LOL :roflmao: :roflmao: exactly my point homie! You said everything right except that you having nothing to come up against me in any category homie so be humble yes your time will come but I have been noticing you strut hard in these bike topics about your club but it takes more then street bikes to get to the top homie, your dam right you are the future of this bike thing but set a good example.
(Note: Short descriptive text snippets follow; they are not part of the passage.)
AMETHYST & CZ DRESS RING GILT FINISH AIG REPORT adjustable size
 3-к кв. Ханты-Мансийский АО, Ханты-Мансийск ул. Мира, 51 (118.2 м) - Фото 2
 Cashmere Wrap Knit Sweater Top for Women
> _Originally posted by 2low4show_@Nov 16 2004, 01:17 PM
> *well you dont have the hottest bike in new york first off and second your in your 20's im only 17, relaxe i will be in lowrider magazine very soon... and alot of people only like your bike because your down with fk if you were with any other club besides legions you wouldent get that much attention..... (wickeddragon) so be easy your bike aint the shit, ok........
> [snapback]2418213[/snapback]​*


----------



## 2low4show (Feb 27, 2004)

your talking.... you dont even own a lowrider.... sssssshhhhhhh quite


----------



## Wickeddragon68 (Jun 10, 2002)

As for my bike not being the shit well thats your opinion and it takes alot to get in a ver well known club I have been showing bikes since I was 13 homie lets grow up on this topic bro if anything learn from those that have been there before you.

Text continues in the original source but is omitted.